Marlowe sat up straight now and leaned back, looking Sledd in the face. ‘The crowds. The jeering. The rotten fruit. I won’t tell you what is lurking at the back of this gallery, but let’s just say that when they get to cleaning this bit of the place they will need a big bucket and a sturdy shovel.’ He sighed again.

‘Well, never mind, Kit,’ Sledd said, risking a matey punch on the playwright’s shoulder. ‘You’ll have something for us soon, I have no doubt.’

Silence.

‘Kit?’

‘I was writing, yes.’

‘And?’

‘It promises to be my best yet.’

‘Not the play with Dr Dee in it?’

‘No. No, that one will have to wait. It must be … special. No, this one is set on an island. A strange man is the main character, foreign, enigmatic. But I can’t quite see him, I just don’t seem to be able to get it right. And meanwhile, we have … this.’ He waved his arm to the stage where the rehearsal was stumbling along.

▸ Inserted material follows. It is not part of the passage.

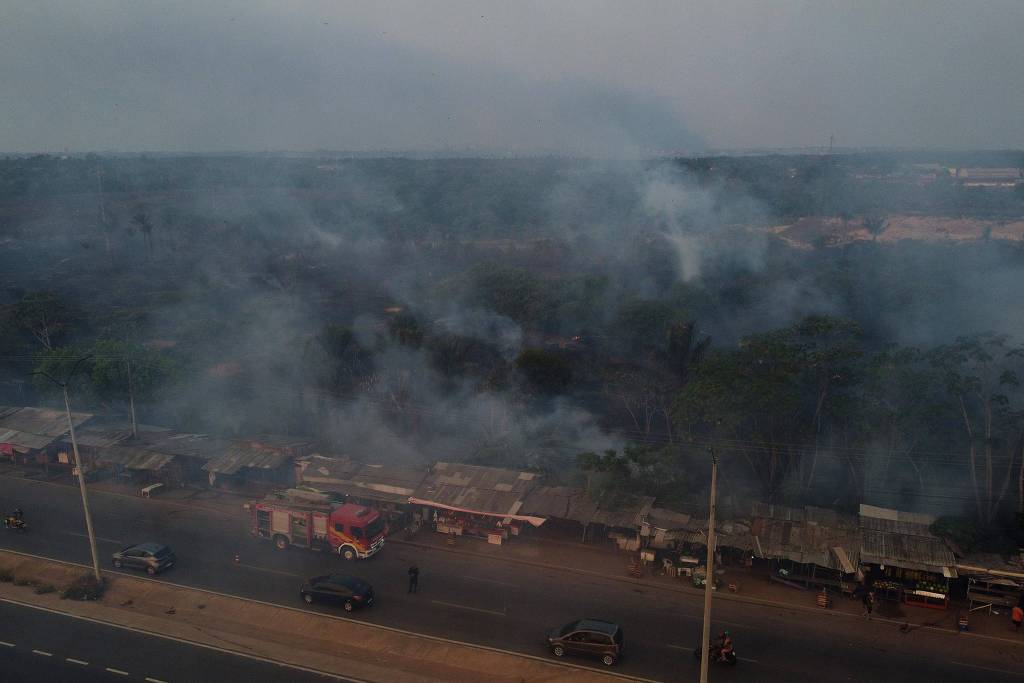 Incêndio no aterro de Iranduba é controlado, mas bombeiros seguem no local para evitar novos focos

‘I meant to ask you about that,’ Sledd said. ‘Why are we rehearsing still?’

‘Henslowe asked me to make some cuts. He made a list last night of when the vegetables started to fly and asked me to rewrite the scenes.’ He gave a shrug. ‘Tom Kyd should be doing that, but nobody knows where he is just now.’

‘Travelling’s all I heard.’

‘Yes, well, that’s not very helpful when there are rotten apples flying through the air. Anyway, what did you want me for?’

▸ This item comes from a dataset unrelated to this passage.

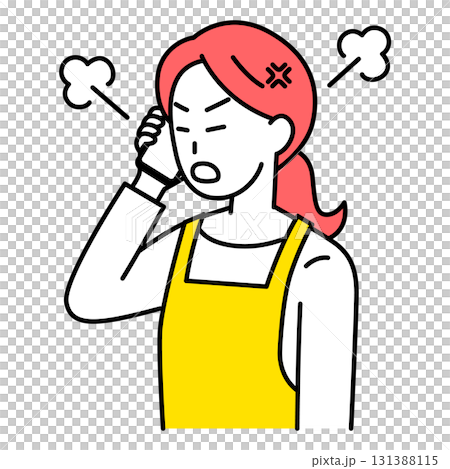 スマートフォンでの通話で怒るエプロン姿の女性 スマートフォンでの通話で怒るエプロン姿の女性 131388115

Sledd put a hand to his mouth, stricken. ‘Sorry, Kit. I was looking for you for …’

‘Don’t fret yourself.’ A cold voice came from the back of the gallery. ‘I’m here now.’

Marlowe didn’t turn his head. ‘Nicholas.’

‘Kit.’

Sledd spoke low and fast. ‘Master Faunt is here,’ he muttered.

‘Thank you,’ Faunt said drily. ‘Now, if Master Marlowe and I could have some privacy.’ Tom Sledd started to sidle back the way he had come.

‘Before you go,’ Faunt said, in the special tone he had which could stop a glacier in its tracks. ‘You might want to bring a bucket and a shovel when you are back here next. There is …’

‘I know,’ Sledd said, shaking his head as he reached the steps down into the groundlings’ pit. ‘I know. How they even get the pig up the stairs, I will never understand.’

TWO

T
he two men walked out of the Rose and strolled down Maiden Lane. They leaned over the wall of the Bear Pit and watched for a few moments as Master Sackerson rolled this way and that in a shallow puddle. The bear eventually got up enough momentum to regain his feet, shook himself in a shower of muddy drops and ambled off to the shelter of an overhanging canvas, green with slime and half off its supporting poles.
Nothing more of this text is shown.